We have scoured the record on summary judgment and find no facts that Rogers can use to support his allegations. It is undisputed that Vose, despite any statements he may have made, formally supported furlough applications at least twice after having made the alleged statements. There is no evidence that the ethnic or religious background of the sponsors was considered by the Murder I Review Panel or played any part in the final decision. In fact, there is specific evidence to the contrary. The affidavit of Hogan (Commissioner of Corrections at the time) and interrogatories of Butterworth (a member of the Murder I Review Panel) both state uncategorically that the religious or ethnic background of the sponsors was never considered or discussed. In addition, it is apparently undisputed that Hogan, who made the actual decision, never considered, knew, or discussed the religious or ethnic background of the sponsors.

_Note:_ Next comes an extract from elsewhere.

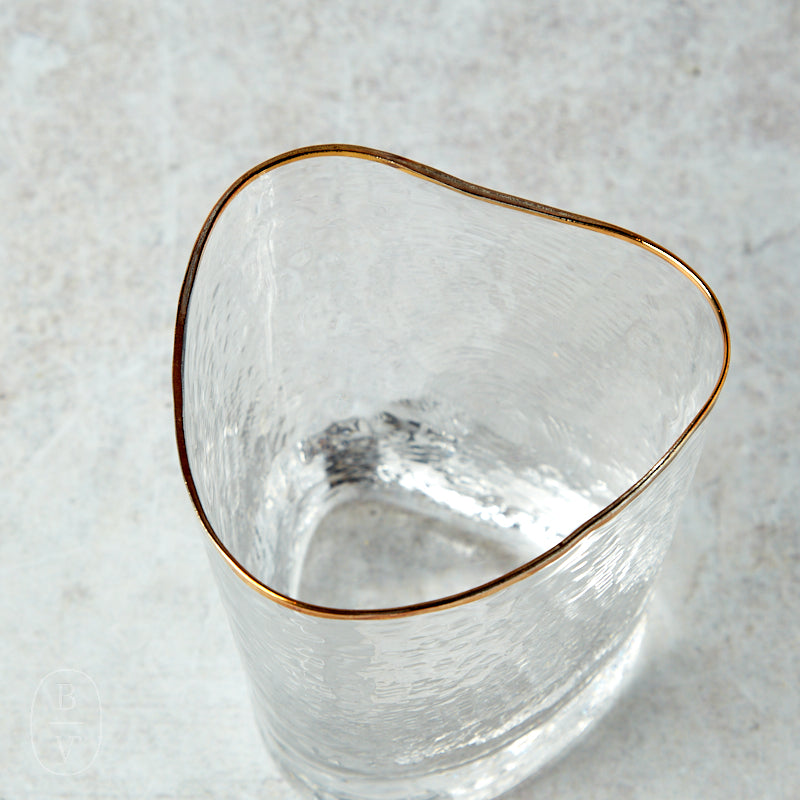 Zodax APERITIVO TRIANGULAR DOUBLE OLD FASHIONED GLASS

Defendants have articulated more than sufficient reasons for denying a furlough. There is no evidence they had any reason at all to believe that their conduct violated the established rights of the plaintiff. See Unwin v. Campbell, 863 F.2d at 133, n. 9. Rogers has failed to come up with any genuine issue of material fact to support his extremely conjectural arguments about an alleged conspiracy.

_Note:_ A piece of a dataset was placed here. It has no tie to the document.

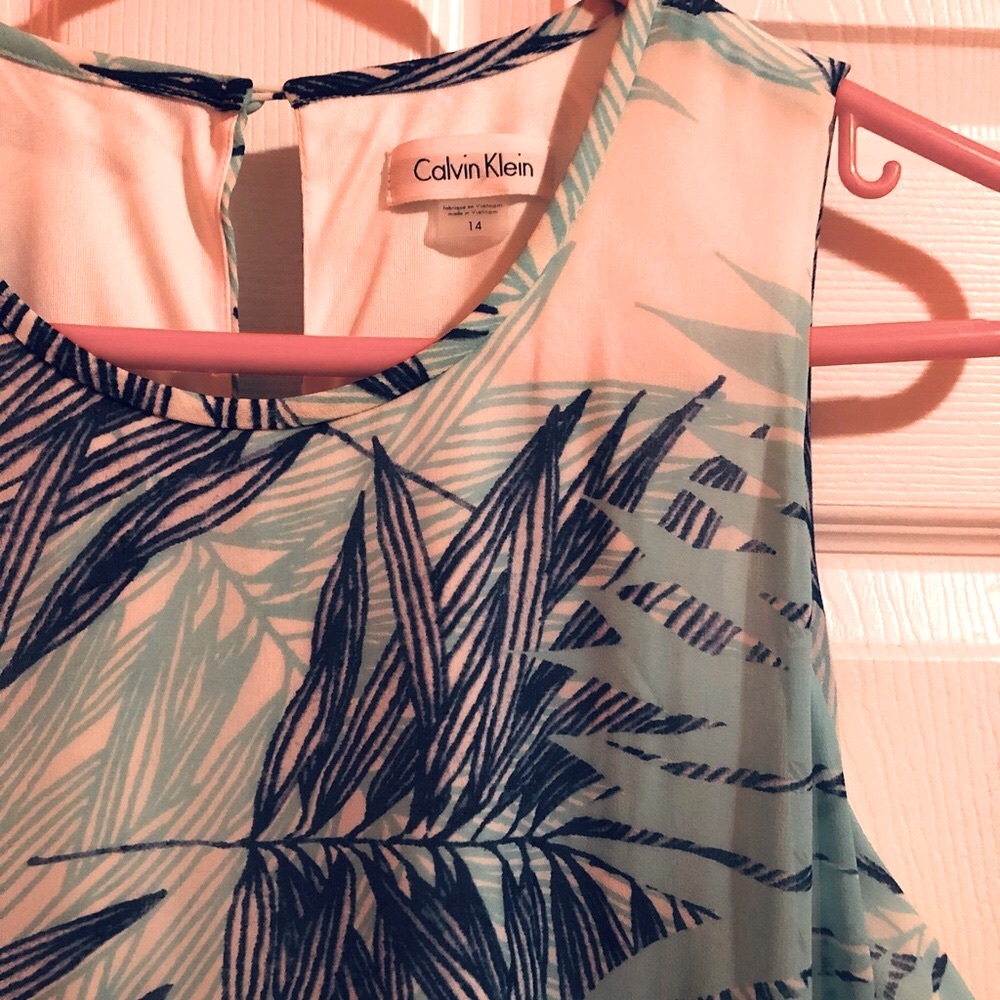 Calvin Klein shift dress. Sz 14 - Picture 3 of 4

For these reasons, we reverse the denial of summary judgment and remand with directions to the district court to enter summary judgment for defendants.
1. Rogers sued Michael V. Fair, individually and as Commissioner of Corrections for the Commonwealth of Massachusetts; Fred Butterworth, individually and as Deputy Commissioner of Corrections for areas I and III of the Commonwealth of Massachusetts; Ronald W. Amaral, individually and as Superintendent of the Southeastern Correctional Facility; and George Vose, individually and as Deputy Superintendent of the Southeastern Correctional Center. See Second Amended Complaint.
2. There was nothing improper about the transfers themselves. In fact, each incremental transfer had been approved by the prison authorities. Rather, the concern was that by having such a large amount available outside of the prison, Rogers might be able to finance an escape while on furlough. Moreover, it was thought that this large amount of money placed the reliability of the Ransenbergs in question.
3. Our review of the record indicates that such a belief was correct because Rogers apparently escaped and was recaptured in 1986.
4. The defendants urge us to find that the decision on a furlough application is only made by the Commissioner of Prisons. We feel that it is unnecessary to do so.
5. See, e.g., Harlow v. Fitzgerald, 457 U.S. 800, 818, 73 L. Ed. 2d 396, 102 S. Ct. 2727 (1982) ("government officials performing discretionary functions generally are shielded from liability for civil damages insofar as their conduct does not violate clearly established statutory or constitutional rights of which a reasonable person would have known.").